Since each container runs in a separate network namespace, Garden provides a way for network traffic to flow into and out of a container. It creates a pair of virtual ethernet devices, allocates an IP address for each device, and moves one of the devices into the container’s network namespace. Garden then sets up suitable IP routing table entries to ensure IP packets are routed correctly to and from the container. Finally, packet filtering rules create a firewall for the container. The firewall allows inbound and outbound traffic to be restricted.
Root File System
Warden allows the user to configure a directory which is used as the root file system of all containers. Garden extends this behaviour so that each container can either use the configured directory as its root file system or can have a root file system built from a Docker image. Either way, a read-write layer is added to the root file system so that the container can update the root file system without affecting other containers.
The garden API, as defined in Google protocol buffers, has the following operations:
- Capacity – returns the memory and disk capacity of the host machine
- Create – creates a container and returns its handle (a string which identifies the container)
- Info – returns information about a specified container such as its IP address and a list of processes running in the container
- Run – spawns a process in the container and streams its output back to the client
- Attach – starts streaming the output of a specified process in a specified container back to the client
- List – lists all container handles
- LimitBandwidth, LimitCpu, LimitDisk, LimitMemory – adjusts the limits of a specified container for network bandwidth, CPU shares, disk usage, and memory usage, respectively
- NetIn – maps a port on the host machine to a port in the specified container
- NetOut – whitelists outbound network traffic from the specified container to a specified network and/or port
- StreamIn – copies data into a specified file in the specified container’s file system
- StreamOut – copies data out of a specified file in the specified container’s file system
- Ping – checks that the garden server is running
- Stop – terminates all processes in a specified container but leaves the container around (in stopped state)
- Destroy – destroys the specified container
Cloud Foundry’s container technology has some other interesting applications. BOSH Lite enables Cloud Foundry to run in a single virtual machine using a collection of containers instead of separate virtual machines for the various Cloud Foundry components. Another application is the Concourse continuous integration system which runs each CI job in a fresh container, isolated from other jobs. Supporting these additional use cases helps to keep Cloud Foundry’s container technology suited for general purpose.

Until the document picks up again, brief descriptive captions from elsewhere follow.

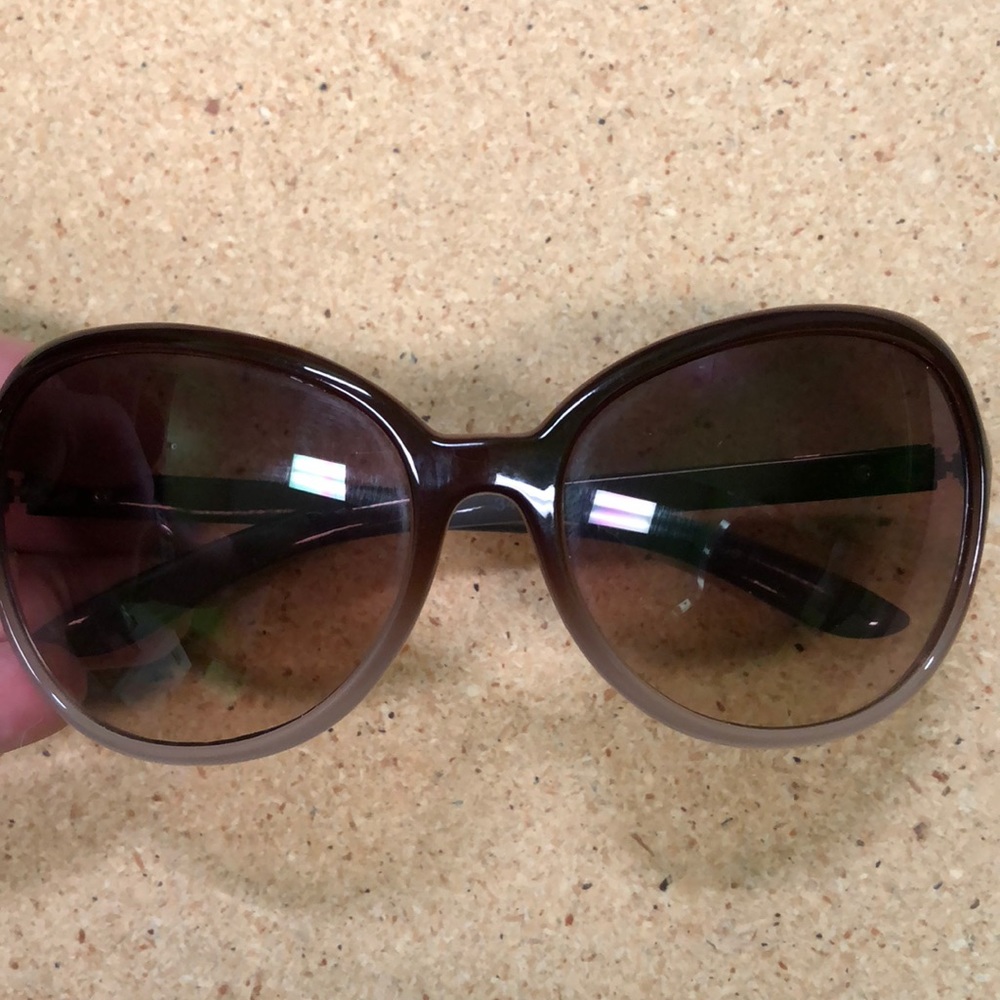 Woman’s sunglasses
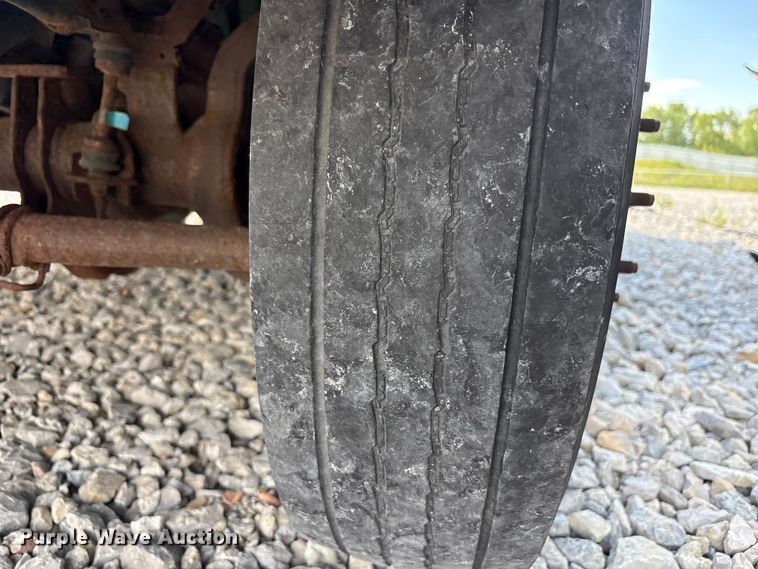 image for item YA3113 2013 Ford F450 Super Duty bucket truck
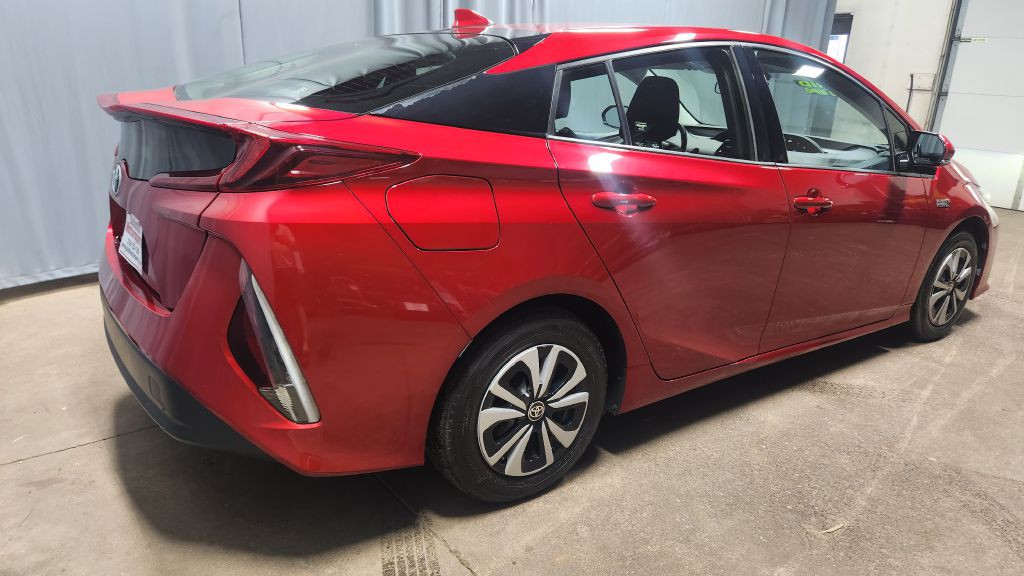 2017 Toyota Prius Image 33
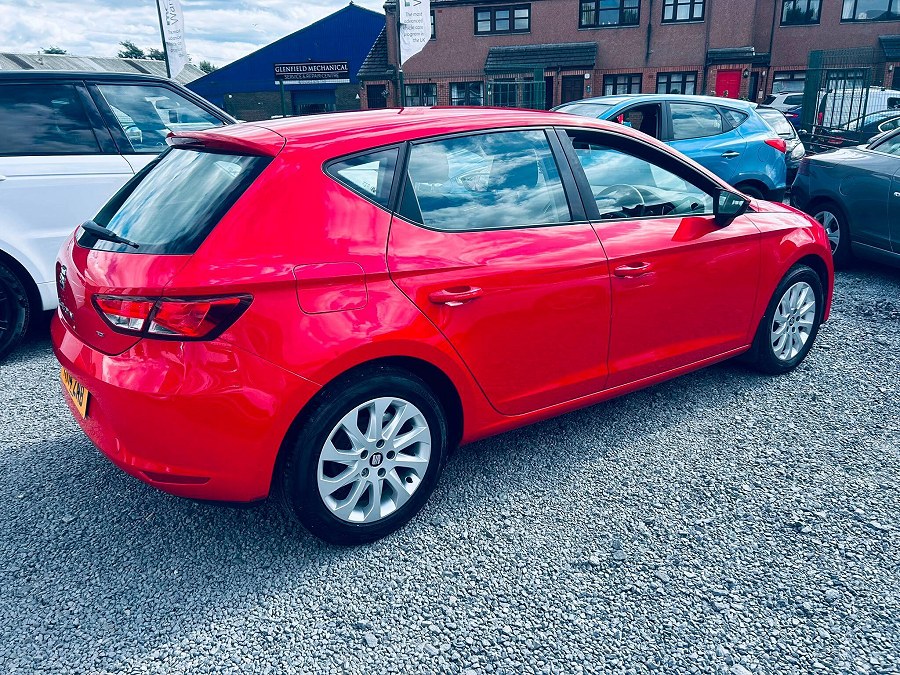 2014 SEAT Leon photo 8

Cloud Foundry’s container technology, Garden, comprises a mostly platform agnostic front end and a platform-specific backend. The Linux backend relies heavily on standard Linux containers and operating system features such as namespaces, control groups, and various resource control and networking facilities to isolate containers from each other and limit their impact on the host virtual machine. Garden is designed to create containers, provide telemetry, and manage the container life cycle. Garden supports using a Docker image as the root file system of a container (as demonstrated at this year’s VMworld). A Windows backend is being investigated and other platforms are also feasible.